Newsgroups: comp.speech
Path: cantaloupe.srv.cs.cmu.edu!das-news2.harvard.edu!news2.near.net!news.mathworks.com!zombie.ncsc.mil!news.duke.edu!news-feed-1.peachnet.edu!gatech!swrinde!ihnp4.ucsd.edu!nmt.edu!cww
From: cww@nmt.edu (Colin Wightman)
Subject: Re: Word timing marks for continuous speech?

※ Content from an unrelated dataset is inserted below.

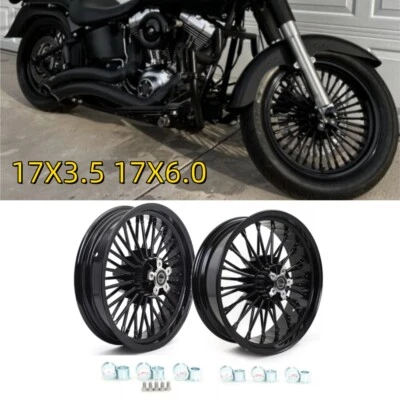 17X3.5 17x6.0 Fat Spoke Wheels Rims for Harley Softail Fatboy FLSTF Dyna Fat Bob Foto 1 de 4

Message-ID: <1995Feb28.160829.25787@nmt.edu>
Sender: news@nmt.edu
Nntp-Posting-Host: kiwi.nmt.edu
Organization: New Mexico Tech EE/Physics Department
References: <87220001@hpcc01.corp.hp.com> <meb.203.0037B078@teleport.com>
Date: Tue, 28 Feb 1995 16:08:29 GMT
Lines: 15

generating an accurate time-alignment between a recorded speech
utterance and its transcription (which is known {\em a priori}) is a
standard problem that everybody runs into eventually. Conceptually, it
is a much easier problem than general recognition since the search
space is so much smaller, but practically there are a number of issues
which make it sort of tricky. The easiest way to do alignments is to
let somebody else worry about it and buy a commercial software package
that does this. Entropic sells the "Aligner" package which provides
both batch and interactive tools for doing alignments and actually
produces a full phonetic transcription as well, also time aligned. If
you really want to do this yourself, try using a normal HMM-based
recognizer but constrain the word grammar to allow only the correct
transcription.